This incidence of isolated forearm responses during surgery is much smaller than the incidence reported during tracheal intubation,8 possibly because anaesthesia is deeper and more stable by the start of surgery. The need for multiple manoeuvres to secure the airway increases the probability of awareness.2 The present estimate of awareness, of 1.1% of paediatric patients, is slightly higher than that reported by Davidson and colleagues.1 Davidson and colleagues assessed awareness in patients aged 5–12 yr using detailed postoperative interviews conducted on the day or day after surgery, 3 days after surgery, and 30 days after surgery. On the basis of these interviews, seven cases were classified as ‘awareness’ by four independent raters, giving an estimate of awareness of 0.8% (7 out of 864 children). Another three cases were classified as ‘awareness’ by at least two of the four raters, and as ‘possible awareness’ by the others. If these cases are included, the incidence of awareness becomes 10 out of 864 children, or 1.2%. Lopez and colleagues also reported an incidence of awareness of 1.2% in a sample of 410 children aged 6–16 yr undergoing elective or emergency surgery. Cases were classified as aware if all three adjudicators rated them as ‘awareness’ or two adjudicators rated them as ‘awareness’ and the third as ‘possible awareness’. Thus the mIFT and postoperative interviewing give similar estimates of the incidence of intraoperative awareness. Note, however, that the present study potentially underestimates the incidence of awareness because the isolated forearm technique was only used for 17 min from start of surgery, rather than throughout intubation and surgery. There were two reasons for restricting the period of observation. One was to relate episodes of awareness closely to memory for words presented during the episodes. The other reason was concern about keeping the cuff inflated for too long. In adults, the isolated forearm technique can be used for extended periods by briefly deflating the cuff every 20 min and then re-inflating. This was not attempted in the present study because of concerns that young children might bruise more easily than adults during extended use of the cuff.

Which technique for detecting awareness should be preferred? The mIFT gives the opportunity to increase the dose of anaesthetic and minimize the duration of the awareness episode. It is a simple technique with minimal labour, training, or equipment costs. Previous research with this technique has been restricted to paralysed patients, but this study shows, for the first time, that the structured commands of the technique, without the inflated cuff, are effective with non-paralysed patients. Thus, Patient 155 responded to commands to squeeze her hand, even though she was not paralysed and had made no movements or other signs of awareness. In the Davidson study, only four of the seven definite cases of awareness were detected from responses during the first postoperative interview. Two cases only emerged at the day 30 interview.1 Lopez and colleagues2 reported that one case of awareness only emerged a month after surgery, with no recall immediately post-surgery. In a large, multi-centre study of adults by Sebel and colleagues,3 11 of 25 cases of awareness were identified from interviews conducted in the recovery room. Fourteen cases only emerged from follow-up interviews conducted 1–2 weeks after surgery. Postoperative interviewing therefore requires extended contact with patients to detect all cases of awareness. In the present study, patients were only questioned about their memories once, on the day or day after surgery. This may explain the lack of recall of surgery even in the two children who responded to the commands to move their hand. Alternatively, the early detection and remedying of awareness afforded by the mIFT may have allowed too little time for memories to form.
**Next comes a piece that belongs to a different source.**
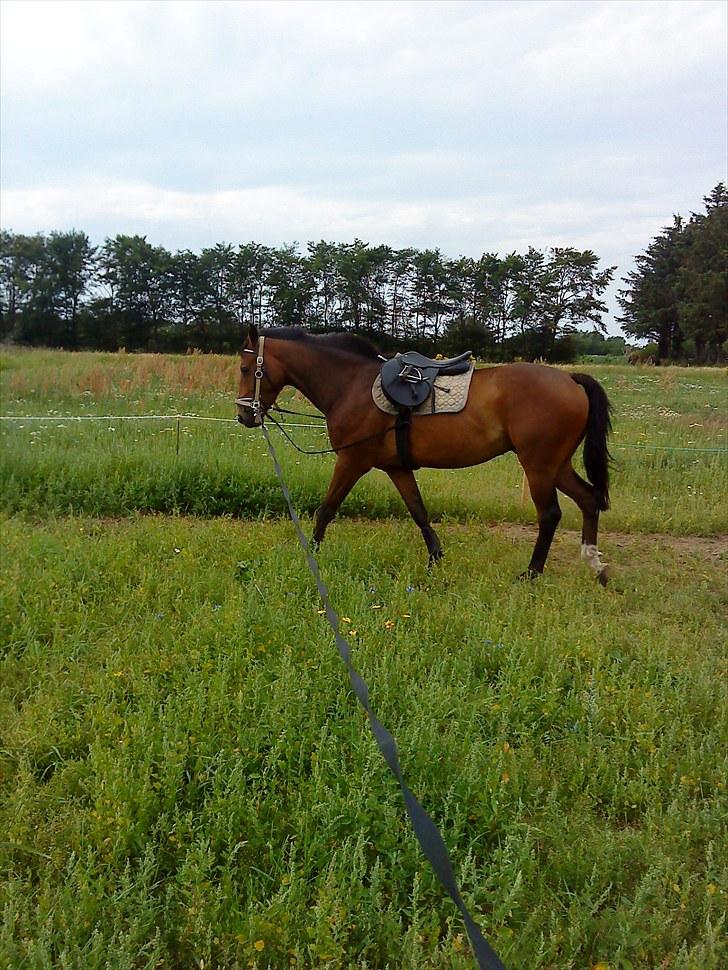 Anden særlig race Stensgaardens mistral billede 3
The observed incidence of awareness in children is approximately eight times the incidence detected in adults through postoperative interviewing.3 BIS recordings from a subset of children in the present study, combined with evidence of consistent anaesthetic practice over the course of the study, give no indication that children were less deeply anaesthetized than the norm. Mean end-tidal isoflurane exceeded 1 MAC and was combined with nitrous oxide. The mean BIS of 37.7 is comparable with means of 35.9 and 40.5 reported for 1 MAC isoflurane and 1.1% end-tidal isoflurane, respectively, in paediatric patients.1,21 On average, the maximum BIS recorded for each patient (mean=49) was well below the value of around 80 associated with first awakening.1,21 In adults, 95% of volunteers are unconscious at BIS of 50.22 Previous research with the isolated forearm technique in adults has used much smaller samples than the present study, so further, large-scale, research is needed to establish whether adults are less prone to awareness, or less likely to recall it than children.
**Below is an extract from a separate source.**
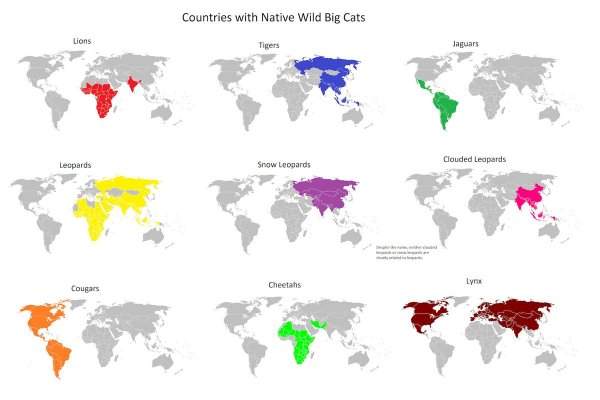 В каких регионах проживают разные виды крупных диких кошек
There was no evidence for continued memory priming during paediatric surgery, despite the large sample, although there was a trend towards memory priming in the most lightly anaesthetized children. In adults, memory priming persists when BIS below 60 indicates adequate anaesthesia,9 but may not occur below BIS of 50.11,23 Even small amounts of priming for neutral stimuli should alert anaesthetists to the possibility of memory formation for more salient stimuli. Note that the present sample size provides power of over 0.99 to detect the amount of memory priming observed in adults.9 Detection of target words on the implicit memory test was actually somewhat higher than it had been in the pilot study, but detection of distractor words was considerably higher than in the pilot study. A possible explanation of this difference is that testing was carried out in a quieter setting for the main study, so that all the words on the test were easier to identify than they were in the pilot study. This difference is not likely to have affected the sensitivity of the test, because detection of distractors was still well below ceiling.
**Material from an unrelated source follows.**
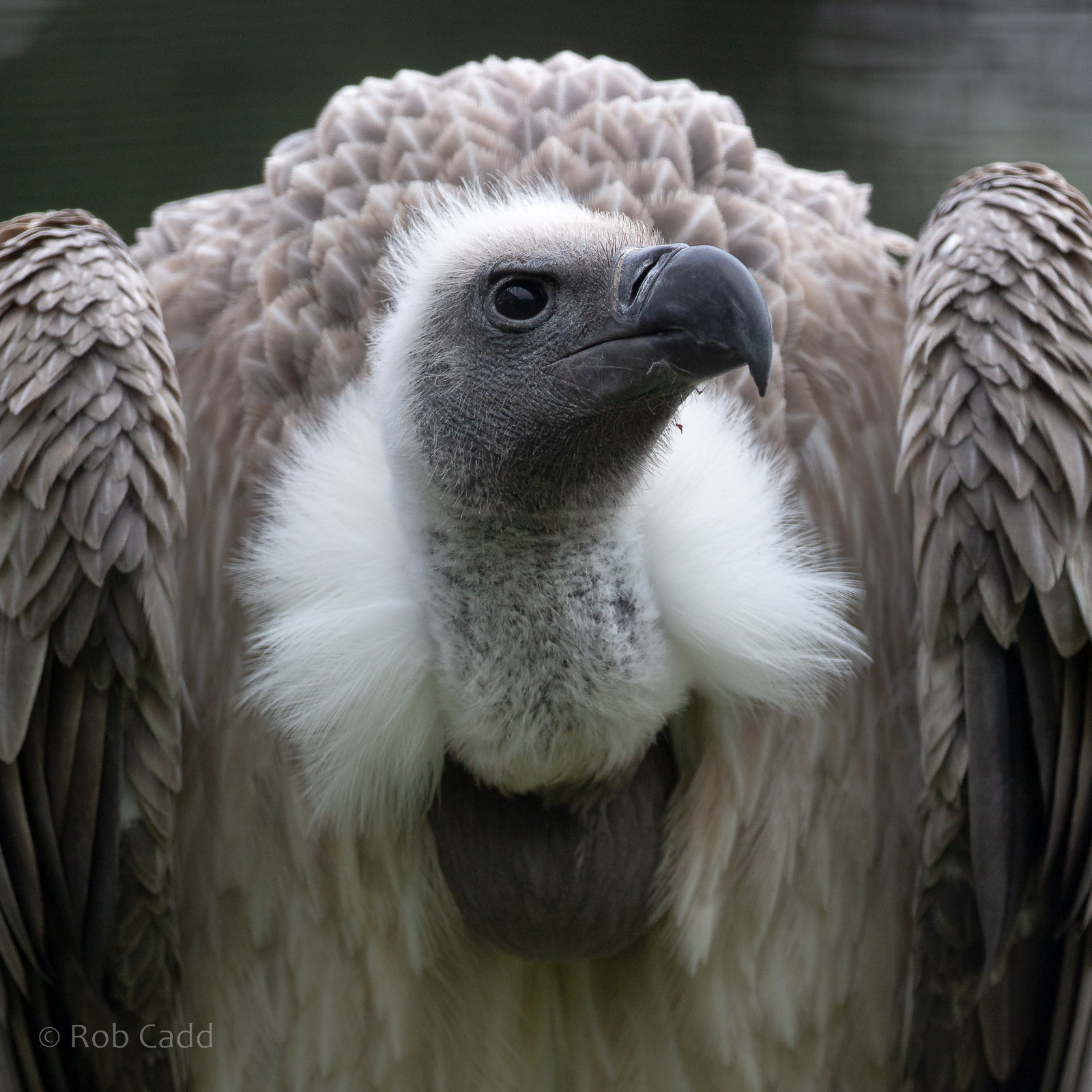 White-backed vulture : Cotswold Falconry Centre : 03 Sep 2021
The present findings have implications for anaesthetic practice. The observed incidence of 1.1% awareness was very similar to that reported by recent studies using postoperative interviewing1,2 but, because the mIFT allowed awareness to be detected in real time and remedied, there were minimal memory and behavioural consequences on recovery.

Funding

Wellcome Trust (065503 to J.A.).

Acknowledgements

This work was carried out when the first and second authors were employed by the University of Sheffield. We are grateful to Aspect Medical Systems for loan of the bispectral index monitor and donation of paediatric sensors.

Appendix A

The word lists used to test implicit memory. For a given patient, one list was played during surgery and the other provided distractor items at test.

orangeteacher
paperapple
pondladder
tonightumbrella
bucketgrass
dinnerbird
climbstone
leftuncle
queendress
gardenballoon
crocodiledance
traincastle
caterpillarchimney
kitchenwatch
circusbefore
thinkholiday
orangeteacher
paperapple
pondladder
tonightumbrella
bucketgrass
dinnerbird
climbstone
leftuncle
queendress
gardenballoon
crocodiledance
traincastle
caterpillarchimney
kitchenwatch
circusbefore
thinkholiday

Appendix B

The postoperative interview questions used to establish explicit memory for the surgical period (from Russell and Wang).20

Simple questions
  1. What was the last thing you remember before going to sleep?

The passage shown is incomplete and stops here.